For example,you list

> It still says that as a math teacher it's your job to remove the thing stopping minorites from succeeding which obviously must be inequity, racism, and discrimation. "Research indicates that there are groups of students (for example, Indigenous students, Black students, students experiencing homelessness, students living in poverty, students with LGBTQ+ identities, and students with special education needs and disabilities) who continue to experience systemic barriers to accessing high-level instruction in and support with learning mathematics. Systemic barriers, such as racism, implicit bias, and other forms of discrimination, can result in inequitable academic and life outcomes, such as low confidence in one’s ability to learn mathematics, reduced rates of credit completion, and leaving the secondary school system prior to earning a diploma. Achieving equitable outcomes in mathematics for all students requires educators to be aware of and identify these barriers, as well as the ways in which they can overlap and intersect, which can compound their effect on student well-being, student success, and students’ experiences in the classroom and in the school. Educators must not only know about these barriers, they must work actively and with urgency to address and remove them." https://www.dcp.edu.gov.on.ca/en/curriculum/secondary-mathem...

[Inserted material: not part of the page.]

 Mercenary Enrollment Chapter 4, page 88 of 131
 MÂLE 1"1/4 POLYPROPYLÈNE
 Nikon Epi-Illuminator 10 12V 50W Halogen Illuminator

Based on that snippet, it seems to be saying that if a teacher is being straight up racist, e.g. marking black students differently than white students for the same work (or perhaps something more subtle), that is wrong and should be stopped.

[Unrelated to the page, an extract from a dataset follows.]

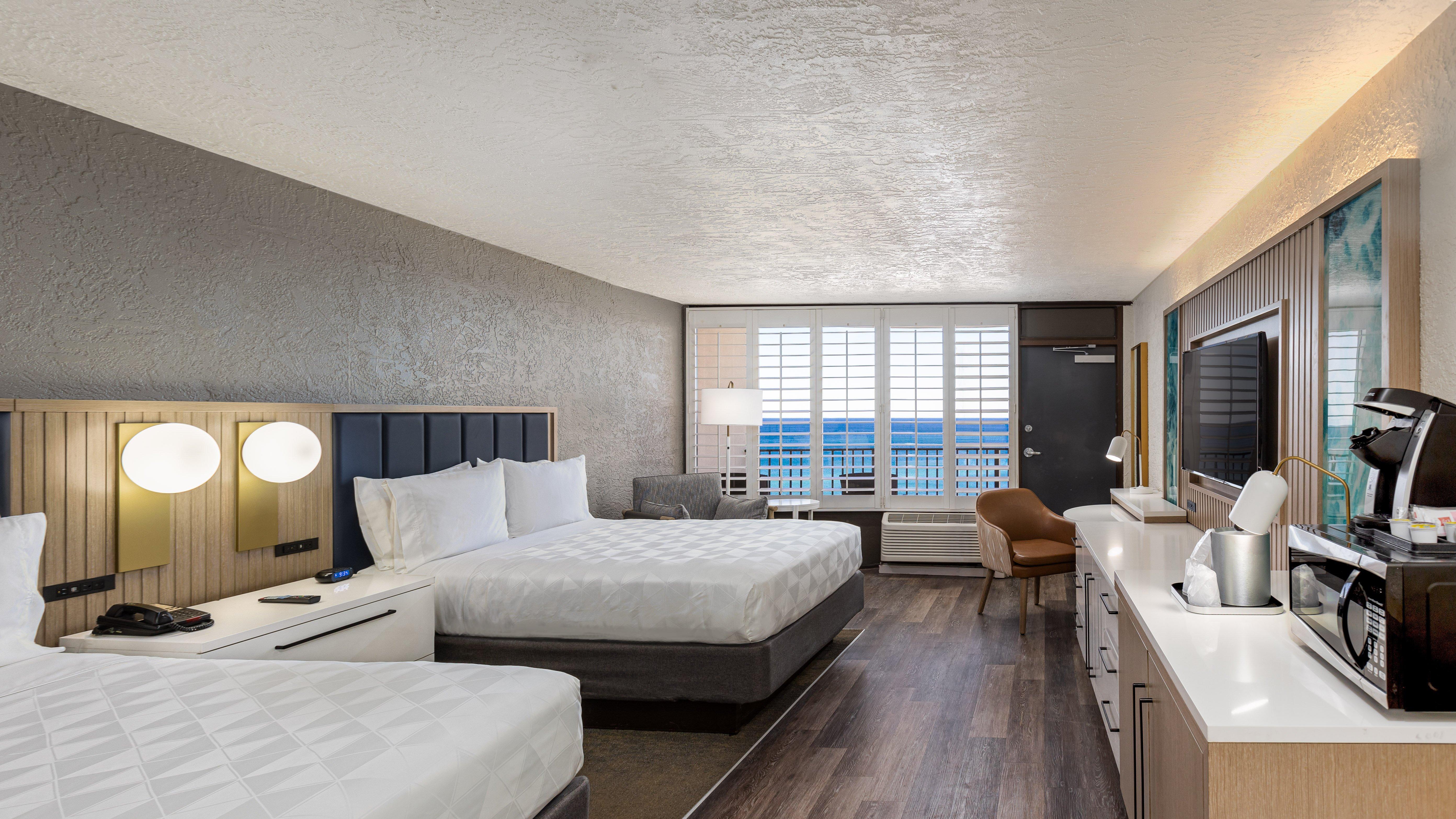 Holiday Inn Resort Panama City Beach By Ihg Kültér fotó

Is that really what you want to use as an example of inapropriate political interference in the classroom?

1 comments

If we are to believe the other content from their colleagues, "systemic racism" is not necessarily what the common man would define as racist like you're suggesting which hasn't been explicitly legally allowed (more the opposite) for decades in all first-world countries I'm aware of, but almost anything whatsoever -- no matter how intentional or not.

According to some of these teaching guides, the first one recommended by State Depts. of Education, things such as the concept of grading work, expecting assignments to be turned in, etc. All are "systemic" (common features of the learning system), and now "racist", therefore "systemic racism". That's the "beauty" of their way of writing. It can mean anything they want at anytime, and is framed in such a way that calling them out automatically "undermines" (to use your term) yourself for investigating their gelatinous word-soup common in their writing. Even asking questions about it you find yourself Kafkatrapped.

"We are pro-good, anti-bad. What kind of person would you need to be to even ask questions about it in the first place in this day and age. Wow, really says a lot about you. Be better and do the work." That's just gossip, moralizing, shaming, all dressed-up and using the shield of academicism. It shares many characteristics with religion from a century or two ago, certainly its tribalism and fervor.